*** Provided records ***
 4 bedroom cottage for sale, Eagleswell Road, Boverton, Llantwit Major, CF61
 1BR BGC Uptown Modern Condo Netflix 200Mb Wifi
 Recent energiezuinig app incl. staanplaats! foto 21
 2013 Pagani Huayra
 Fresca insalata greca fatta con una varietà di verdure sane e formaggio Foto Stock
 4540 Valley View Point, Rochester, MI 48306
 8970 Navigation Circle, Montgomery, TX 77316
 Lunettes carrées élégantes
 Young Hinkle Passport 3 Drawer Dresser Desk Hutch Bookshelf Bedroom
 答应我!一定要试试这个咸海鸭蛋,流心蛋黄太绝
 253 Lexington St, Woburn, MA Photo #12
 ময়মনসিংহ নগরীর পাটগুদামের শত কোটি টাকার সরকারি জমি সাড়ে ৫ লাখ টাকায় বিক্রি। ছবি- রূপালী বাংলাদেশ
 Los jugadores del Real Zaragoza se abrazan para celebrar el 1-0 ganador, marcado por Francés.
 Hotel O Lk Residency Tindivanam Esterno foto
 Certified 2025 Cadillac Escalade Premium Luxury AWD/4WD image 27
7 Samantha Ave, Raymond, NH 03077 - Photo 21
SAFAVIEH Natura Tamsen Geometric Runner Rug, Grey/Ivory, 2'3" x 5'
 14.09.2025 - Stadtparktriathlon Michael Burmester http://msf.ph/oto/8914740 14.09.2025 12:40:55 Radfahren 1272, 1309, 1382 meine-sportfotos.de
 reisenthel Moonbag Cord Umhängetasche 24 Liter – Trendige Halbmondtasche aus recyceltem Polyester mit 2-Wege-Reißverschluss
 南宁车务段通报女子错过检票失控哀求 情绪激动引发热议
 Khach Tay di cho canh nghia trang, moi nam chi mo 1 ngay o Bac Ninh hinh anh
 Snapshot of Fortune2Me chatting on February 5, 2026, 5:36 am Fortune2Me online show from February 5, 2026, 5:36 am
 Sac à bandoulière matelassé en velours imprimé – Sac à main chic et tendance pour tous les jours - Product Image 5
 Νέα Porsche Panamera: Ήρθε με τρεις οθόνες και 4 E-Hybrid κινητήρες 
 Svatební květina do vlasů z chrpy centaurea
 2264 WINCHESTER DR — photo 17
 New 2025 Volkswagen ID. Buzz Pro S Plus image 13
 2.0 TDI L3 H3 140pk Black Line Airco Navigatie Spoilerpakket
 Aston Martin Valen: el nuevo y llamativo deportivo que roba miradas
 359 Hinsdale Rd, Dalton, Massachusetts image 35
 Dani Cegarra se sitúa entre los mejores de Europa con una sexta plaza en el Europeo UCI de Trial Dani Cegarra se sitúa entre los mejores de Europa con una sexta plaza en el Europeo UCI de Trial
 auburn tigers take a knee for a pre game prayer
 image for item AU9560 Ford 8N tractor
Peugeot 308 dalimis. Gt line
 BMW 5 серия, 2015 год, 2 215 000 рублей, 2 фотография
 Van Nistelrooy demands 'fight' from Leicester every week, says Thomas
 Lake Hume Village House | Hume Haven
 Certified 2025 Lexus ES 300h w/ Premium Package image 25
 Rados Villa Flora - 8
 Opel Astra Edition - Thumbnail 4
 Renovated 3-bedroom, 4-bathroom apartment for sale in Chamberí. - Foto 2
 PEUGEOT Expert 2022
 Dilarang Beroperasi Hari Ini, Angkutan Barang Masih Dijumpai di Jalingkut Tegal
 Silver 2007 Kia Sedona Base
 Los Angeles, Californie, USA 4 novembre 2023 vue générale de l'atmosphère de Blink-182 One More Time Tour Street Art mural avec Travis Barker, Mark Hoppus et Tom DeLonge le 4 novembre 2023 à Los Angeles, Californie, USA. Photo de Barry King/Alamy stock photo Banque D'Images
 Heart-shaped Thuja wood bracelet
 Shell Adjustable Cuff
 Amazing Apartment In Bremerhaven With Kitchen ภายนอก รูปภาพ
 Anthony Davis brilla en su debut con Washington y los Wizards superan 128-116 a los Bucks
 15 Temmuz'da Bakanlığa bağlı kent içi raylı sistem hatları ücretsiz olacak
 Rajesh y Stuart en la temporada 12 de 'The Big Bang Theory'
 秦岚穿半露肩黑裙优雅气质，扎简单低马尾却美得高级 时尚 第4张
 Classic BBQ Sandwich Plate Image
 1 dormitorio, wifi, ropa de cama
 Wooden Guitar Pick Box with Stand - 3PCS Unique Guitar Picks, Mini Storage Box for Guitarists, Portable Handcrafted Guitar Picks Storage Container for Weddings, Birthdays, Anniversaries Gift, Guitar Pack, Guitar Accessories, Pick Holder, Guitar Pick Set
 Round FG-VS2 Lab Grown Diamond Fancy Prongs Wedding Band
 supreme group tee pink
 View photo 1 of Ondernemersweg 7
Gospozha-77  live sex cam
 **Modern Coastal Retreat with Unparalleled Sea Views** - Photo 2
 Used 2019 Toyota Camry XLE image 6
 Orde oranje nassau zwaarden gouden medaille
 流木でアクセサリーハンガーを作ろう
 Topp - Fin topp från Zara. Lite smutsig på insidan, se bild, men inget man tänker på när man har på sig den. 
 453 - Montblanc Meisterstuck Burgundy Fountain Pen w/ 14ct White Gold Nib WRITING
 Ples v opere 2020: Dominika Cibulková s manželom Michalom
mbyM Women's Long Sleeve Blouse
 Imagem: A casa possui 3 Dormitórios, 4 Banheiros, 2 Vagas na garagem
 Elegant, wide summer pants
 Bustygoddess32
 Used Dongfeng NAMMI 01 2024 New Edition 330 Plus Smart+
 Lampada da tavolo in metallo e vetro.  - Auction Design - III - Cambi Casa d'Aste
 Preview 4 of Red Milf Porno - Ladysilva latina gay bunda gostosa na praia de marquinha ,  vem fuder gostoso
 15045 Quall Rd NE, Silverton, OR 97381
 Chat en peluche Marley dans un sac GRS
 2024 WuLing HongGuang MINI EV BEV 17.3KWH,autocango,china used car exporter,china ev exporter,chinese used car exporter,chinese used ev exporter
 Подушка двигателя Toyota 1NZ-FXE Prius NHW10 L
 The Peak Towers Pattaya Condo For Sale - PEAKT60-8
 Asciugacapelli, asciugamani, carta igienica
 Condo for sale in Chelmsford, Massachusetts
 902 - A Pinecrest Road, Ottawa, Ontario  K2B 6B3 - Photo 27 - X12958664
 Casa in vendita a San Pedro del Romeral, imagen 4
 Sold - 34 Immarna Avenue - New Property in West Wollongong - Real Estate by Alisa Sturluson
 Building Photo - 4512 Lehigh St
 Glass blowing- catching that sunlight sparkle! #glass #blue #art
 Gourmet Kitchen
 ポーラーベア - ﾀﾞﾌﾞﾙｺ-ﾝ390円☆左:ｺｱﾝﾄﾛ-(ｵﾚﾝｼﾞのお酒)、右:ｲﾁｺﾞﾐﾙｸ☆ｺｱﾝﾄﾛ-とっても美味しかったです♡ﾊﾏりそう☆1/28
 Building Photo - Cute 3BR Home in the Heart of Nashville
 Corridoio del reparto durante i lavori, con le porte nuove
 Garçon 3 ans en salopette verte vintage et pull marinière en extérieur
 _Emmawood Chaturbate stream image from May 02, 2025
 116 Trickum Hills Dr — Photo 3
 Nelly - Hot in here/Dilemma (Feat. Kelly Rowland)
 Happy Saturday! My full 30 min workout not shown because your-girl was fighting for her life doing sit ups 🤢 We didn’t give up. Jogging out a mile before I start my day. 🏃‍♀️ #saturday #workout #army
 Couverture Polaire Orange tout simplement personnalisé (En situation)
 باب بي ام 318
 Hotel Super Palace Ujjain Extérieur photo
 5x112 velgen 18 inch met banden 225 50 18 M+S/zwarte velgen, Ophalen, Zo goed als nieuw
***
What needs to be done> Go through the entries and return each line where the word "Premium" occurs.

Task output>
 Certified 2025 Cadillac Escalade Premium Luxury AWD/4WD image 27
 Certified 2025 Lexus ES 300h w/ Premium Package image 25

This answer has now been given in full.